(Short text fragments from websites)

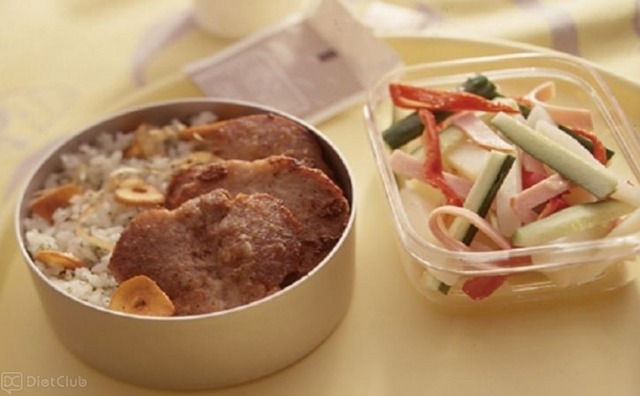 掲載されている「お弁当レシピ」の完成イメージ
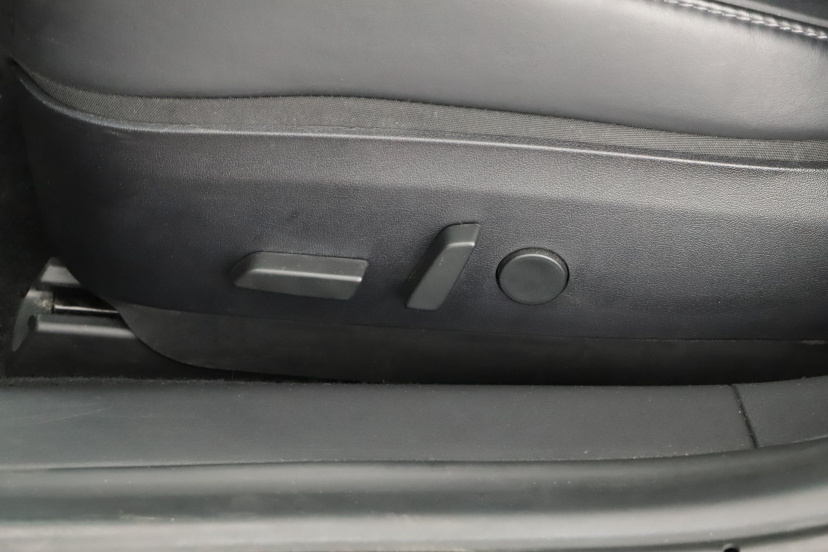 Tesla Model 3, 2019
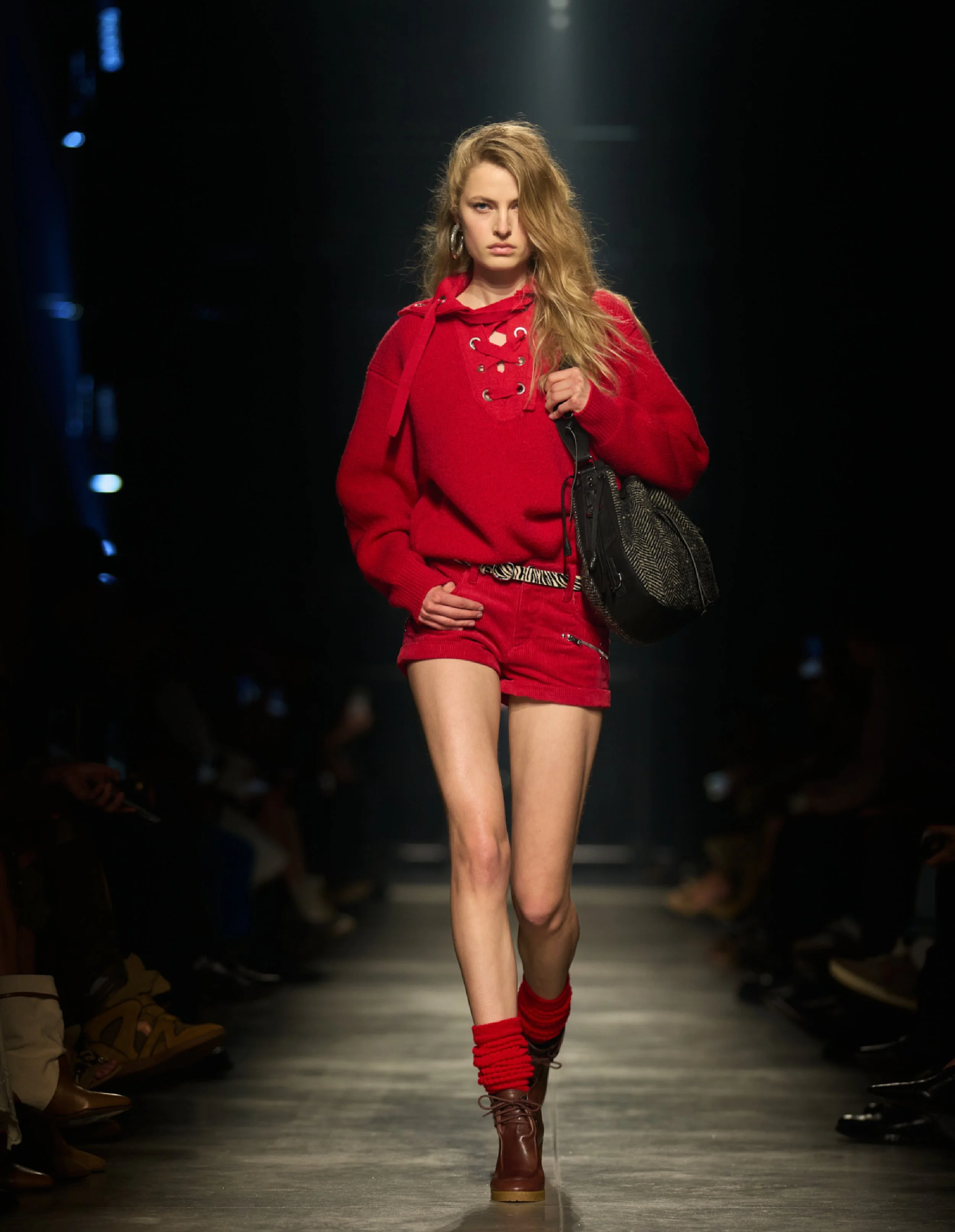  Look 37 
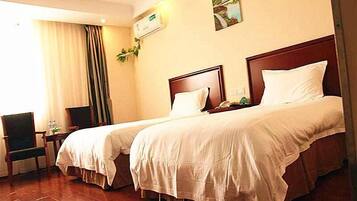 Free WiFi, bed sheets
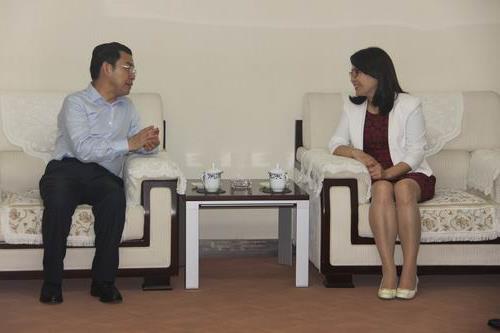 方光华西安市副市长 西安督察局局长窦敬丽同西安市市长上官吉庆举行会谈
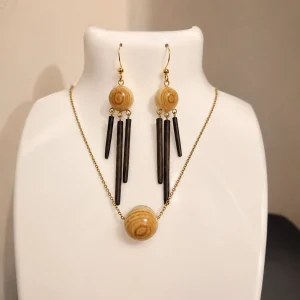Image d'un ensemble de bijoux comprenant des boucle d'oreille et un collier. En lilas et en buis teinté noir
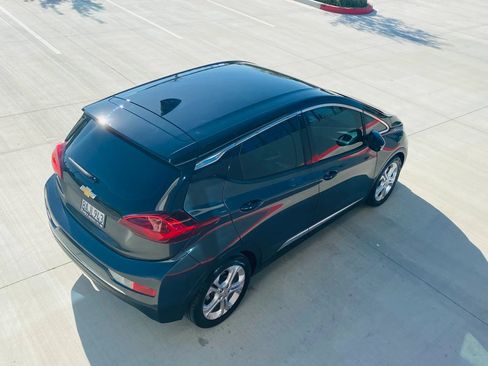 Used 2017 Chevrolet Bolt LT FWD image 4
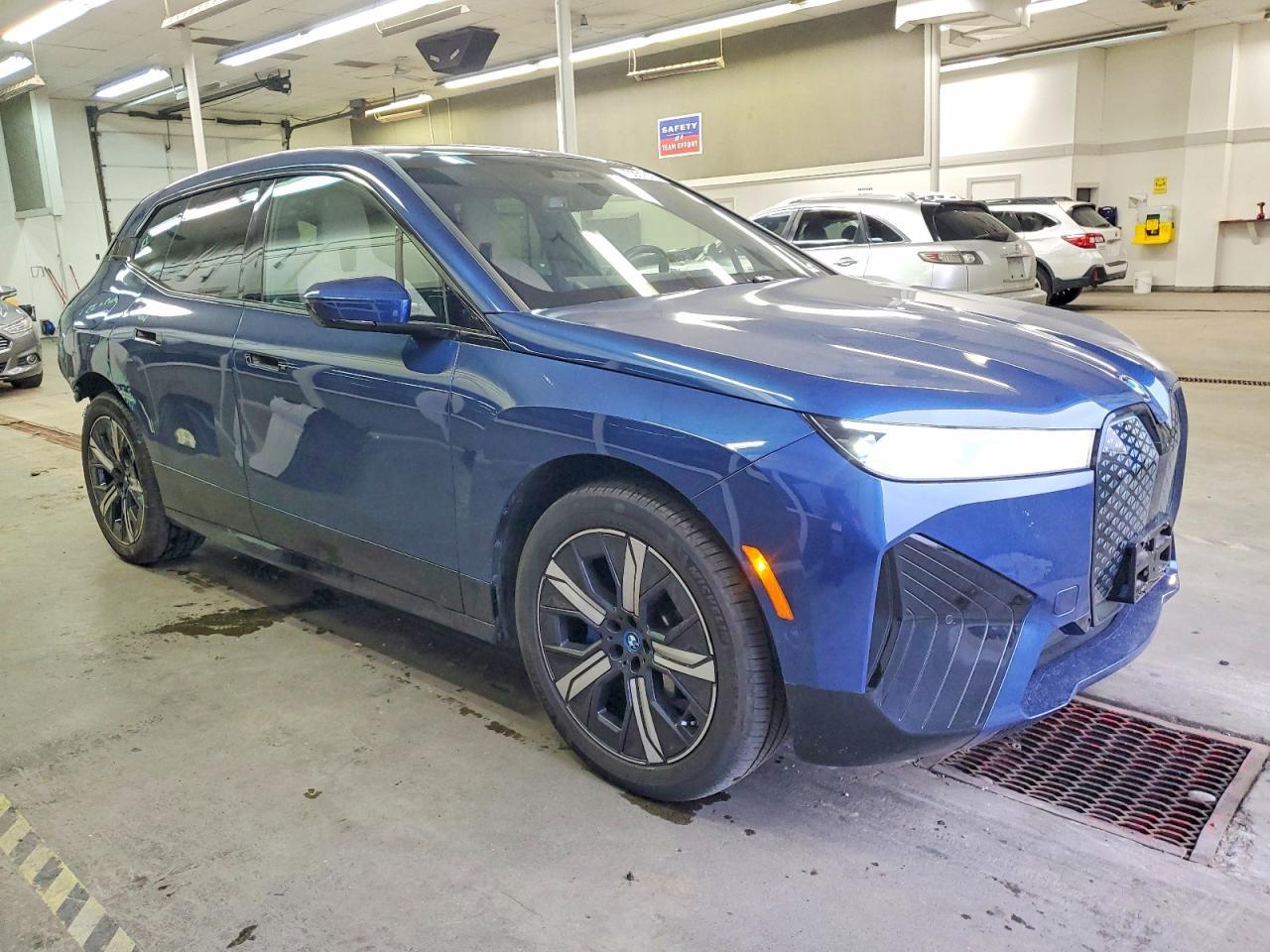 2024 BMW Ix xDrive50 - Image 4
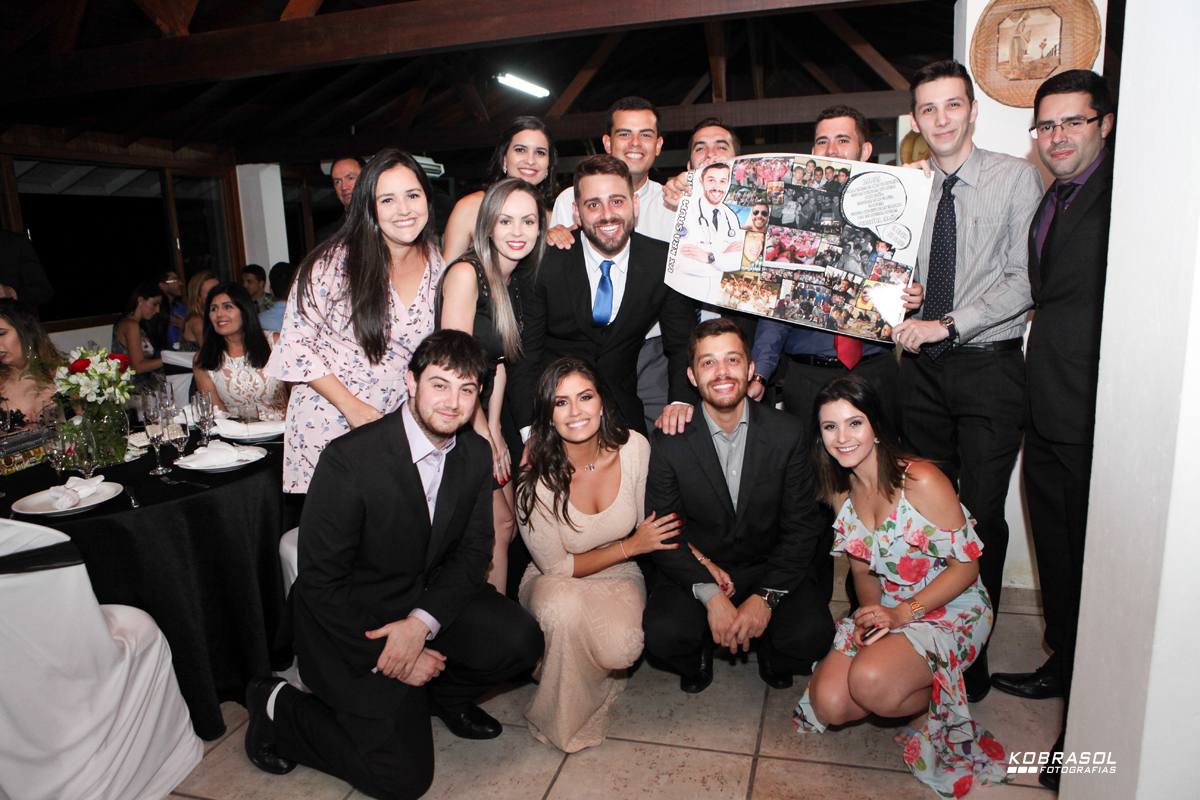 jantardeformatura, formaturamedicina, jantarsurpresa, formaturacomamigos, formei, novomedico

• [TASK DESCRIPTION] Excluding pictures, copy exactly the lines from the line containing "Image d'un ensemble" through the last line of the data, inclusive.

• [RESPONSE TO THE EXERCISE]
Image d'un ensemble de bijoux comprenant des boucle d'oreille et un collier. En lilas et en buis teinté noir
 Used 2017 Chevrolet Bolt LT FWD image 4
 2024 BMW Ix xDrive50 - Image 4
 jantardeformatura, formaturamedicina, jantarsurpresa, formaturacomamigos, formei, novomedico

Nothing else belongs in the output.